__Task details__
Everything from the line with "First, load up" down to the line with "Today we're going" below must be printed exactly, those two lines included. Exclude pictures.

__Exercise inputs__
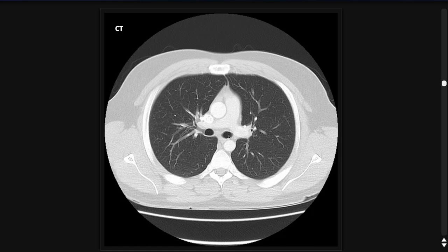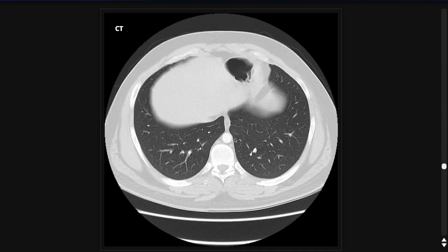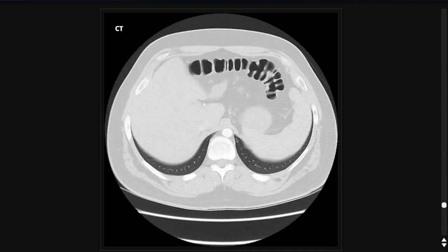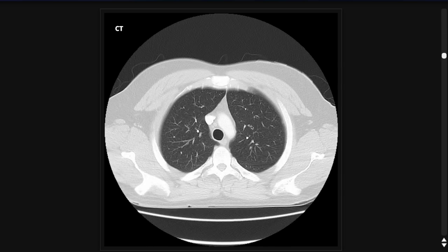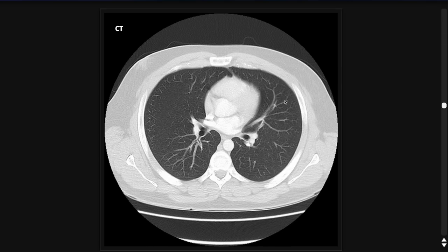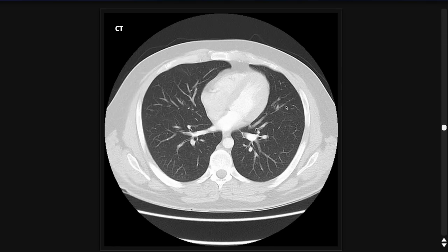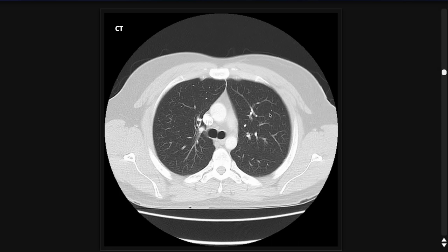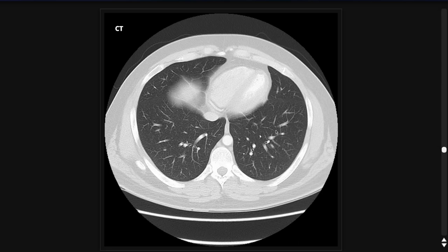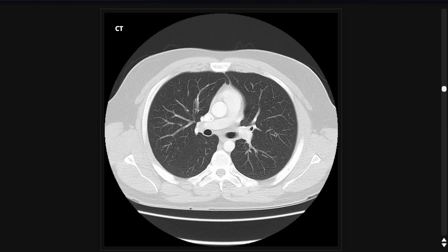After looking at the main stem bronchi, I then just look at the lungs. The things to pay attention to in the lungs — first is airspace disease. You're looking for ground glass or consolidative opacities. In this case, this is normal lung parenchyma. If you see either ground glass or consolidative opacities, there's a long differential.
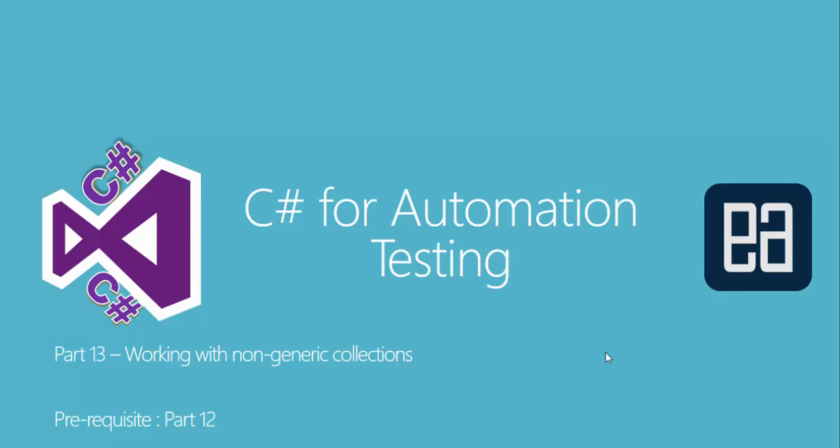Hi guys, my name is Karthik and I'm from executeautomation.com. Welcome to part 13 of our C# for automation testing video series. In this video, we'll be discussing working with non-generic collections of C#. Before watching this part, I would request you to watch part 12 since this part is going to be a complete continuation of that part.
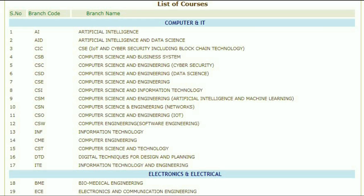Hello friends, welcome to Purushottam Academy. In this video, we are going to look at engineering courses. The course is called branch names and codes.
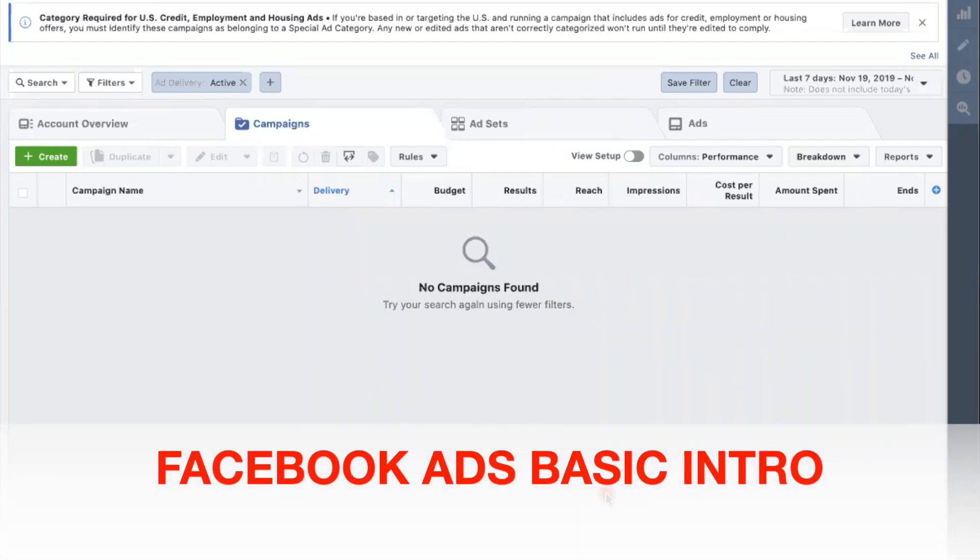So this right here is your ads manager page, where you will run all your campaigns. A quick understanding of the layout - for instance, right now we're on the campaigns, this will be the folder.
==
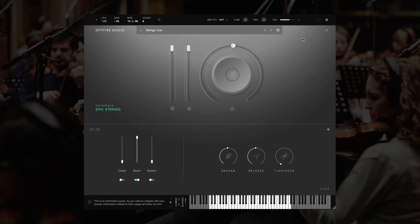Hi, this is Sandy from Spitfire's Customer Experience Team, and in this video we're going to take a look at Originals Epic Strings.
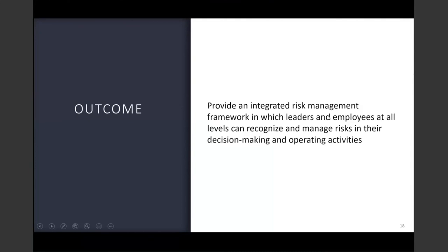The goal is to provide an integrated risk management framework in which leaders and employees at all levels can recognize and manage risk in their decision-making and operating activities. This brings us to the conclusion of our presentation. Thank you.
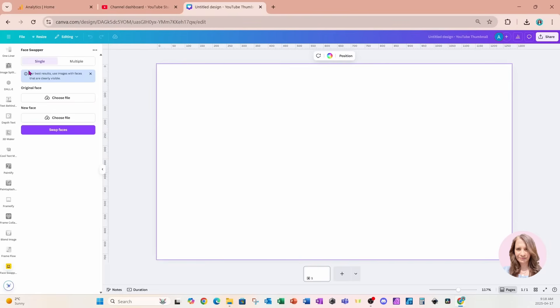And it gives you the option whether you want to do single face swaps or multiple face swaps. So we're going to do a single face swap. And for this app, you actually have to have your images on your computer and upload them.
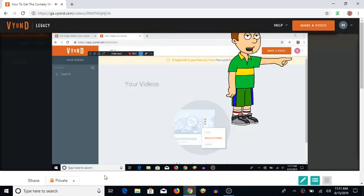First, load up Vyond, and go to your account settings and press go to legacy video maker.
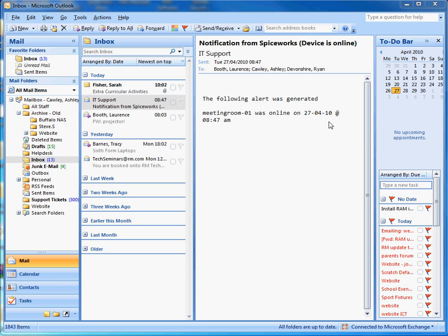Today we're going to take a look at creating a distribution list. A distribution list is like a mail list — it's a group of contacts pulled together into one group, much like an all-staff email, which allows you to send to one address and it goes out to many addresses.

__Answer section__
First, load up Vyond, and go to your account settings and press go to legacy video maker.
Today we're going to take a look at creating a distribution list. A distribution list is like a mail list — it's a group of contacts pulled together into one group, much like an all-staff email, which allows you to send to one address and it goes out to many addresses.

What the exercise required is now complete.